You ask a neighbor to water a sickly plant while you are on vacation. Without water the plant will die with probability 0.8. With water it will die with probability 0.4. You are 87 % certain the neighbor will remember to water the plant.
You come back from the vacation and the plant is dead.
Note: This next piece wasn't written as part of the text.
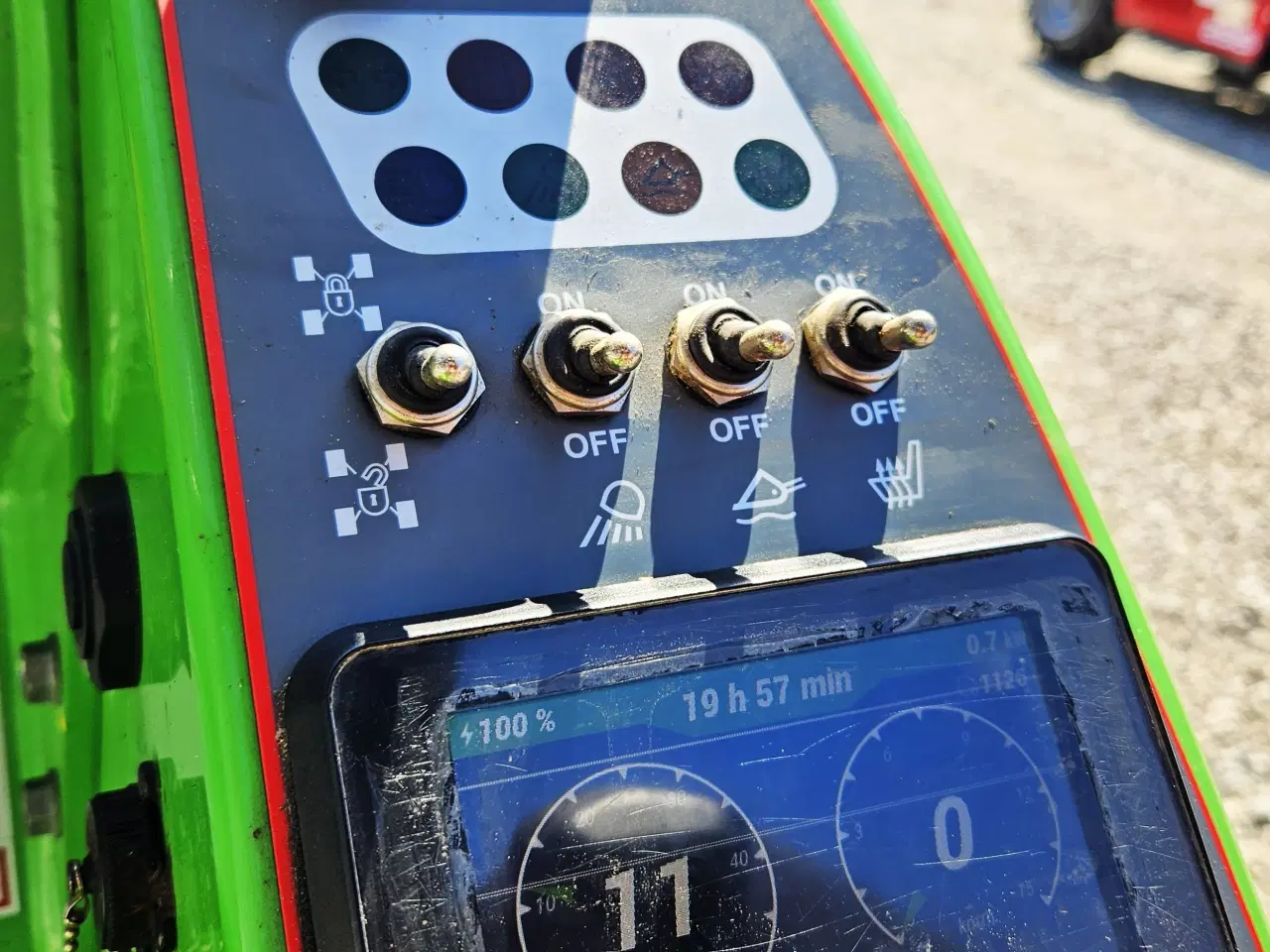 Billede 16 - Avant E5 / 1100 timer / teleskoparm / 2 redskaber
What is the probability the neighbor forgot to water it?
To find the probability that the neighbor forgot to water the plant given that it is dead, we can use Bayes' theorem.
Let's define the following events:
A: Neighbor forgot to water the plant
B: Plant is dead
We are given the following probabilities:
P(B|¬A) = 0.8 (probability that the plant dies given the neighbor did not forget to water it)
P(B|A) = 0.4 (probability that the plant dies given the neighbor forgot to water it)
P(A) = 0.13 (probability that the neighbor forgot to water the plant, calculated as (1 - 0.87))
We want to calculate P(A|B), the probability that the neighbor forgot to water the plant given that it is dead.
Using Bayes' theorem, we have:
P(A|B) = (P(B|A) * P(A)) / P(B)
To calculate P(B), we can use the law of total probability:
P(B) = P(B|A) * P(A) + P(B|¬A) * P(¬A)
P(¬A) = 1 - P(A) = 0.87
Substituting the values into the formula, we get:
P(A|B) = (0.4 * 0.13) / ((0.4 * 0.13) + (0.8 * 0.87))
Simplifying the equation further:
P(A|B) = 0.052 / (0.052 + 0.696)
P(A|B) ≈ 0.0693
Therefore, the probability that the neighbor forgot to water the plant given that it is dead is approximately 0.0693 or 6.93%.